The Track Story, Part I ~ with builder & pro driver Trevor Seibert

It’s common to have golf courses boast their design credentials, leveraging pro athlete connections to lend an air of confidence – and credibility – to new developments. In many cases the design and engineering/construction teams have little if any overlap, with each speaking different languages and having limited knowledge of each other’s purpose. So when a professional race car driver, who happens to own one of Western Canada’s leading earthworks and infrastructure companies, gets an opportunity to design a motorsport track – good things happen

Late in 2012, professional racer and president of Lake Excavating Trevor Seibert got a call from friend Bill Drossos about his vision for a motorsport club, and it piqued Trevor’s interest as a builder. “My dad began Lake Excavating in 1964,” says Trevor. “This is our 50th year. I started running the business in 1985, and bought it in 1996.” The construction company initially worked exclusively in Trevor’s hometown of Williams Lake on civic projects. It wasn’t until the late 1990s that Trevor took the operation to Alberta, expanding into mining, oil, and gas. “Now we do residential, commercial, and industrial projects.”

The Seibert family history goes beyond construction: three generations have been – and are – behind the wheel and on the track. “My dad raced in the late 60s,” says Trevor, and then laughs. “He took some time off, then started again when I began to race. Of course.” Now Trevor’s son Ryley is a professional driver in the NASCAR Canadian Tire Series – just like his dad.

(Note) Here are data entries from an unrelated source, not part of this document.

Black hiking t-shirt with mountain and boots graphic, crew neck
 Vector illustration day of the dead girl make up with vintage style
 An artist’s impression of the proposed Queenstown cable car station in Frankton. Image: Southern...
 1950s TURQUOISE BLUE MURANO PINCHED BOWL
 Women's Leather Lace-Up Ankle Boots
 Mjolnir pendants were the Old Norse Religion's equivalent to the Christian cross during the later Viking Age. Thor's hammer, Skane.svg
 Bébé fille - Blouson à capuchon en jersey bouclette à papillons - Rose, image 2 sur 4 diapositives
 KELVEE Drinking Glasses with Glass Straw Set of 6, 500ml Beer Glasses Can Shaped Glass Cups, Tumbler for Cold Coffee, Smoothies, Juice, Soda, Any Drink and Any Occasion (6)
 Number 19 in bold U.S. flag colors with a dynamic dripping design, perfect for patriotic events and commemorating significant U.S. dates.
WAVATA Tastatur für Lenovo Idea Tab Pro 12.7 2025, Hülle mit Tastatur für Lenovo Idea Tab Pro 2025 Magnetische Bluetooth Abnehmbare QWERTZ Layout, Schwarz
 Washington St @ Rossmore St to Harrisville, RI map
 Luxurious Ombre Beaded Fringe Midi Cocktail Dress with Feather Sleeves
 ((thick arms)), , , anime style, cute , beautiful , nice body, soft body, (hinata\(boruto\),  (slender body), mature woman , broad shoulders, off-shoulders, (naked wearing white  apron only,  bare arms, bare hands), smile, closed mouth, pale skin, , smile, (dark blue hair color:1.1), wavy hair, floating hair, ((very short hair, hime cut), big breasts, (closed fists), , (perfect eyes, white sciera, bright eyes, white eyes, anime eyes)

This combination of driver and president of a major construction company provides Trevor with unique insight into the mechanics of how a track design should feel, and what his team of engineers and drafts people need to do to achieve the desired outcome. In conversation, one gets the sense of a kid who’s dreamed of having a big sandbox to build the things he’s always wanted. “All of us drivers have dreams of owning our own track,” says Trevor. “But let’s be honest. How possible is that?” There’s a momentary pause. “I have about 100 pieces of construction equipment,” he says, grin evident in his tone. “And I just bought paving machinery.”

In having a heavy-hitter like Lake Excavating partner with Area 27 to design and building the track, it makes this dream-to-reality much closer. “We’re very well versed in the construction side of things and I’ve been racing for about 30 years,” explains Trevor. Through working with Jacques Villeneuve on this project, Trevor can be translator and engineer in one. “Jacques will explain things to me in terms of driving the track and I know what it means in engineering terms. It’s unique to any construction job I’ve worked on.”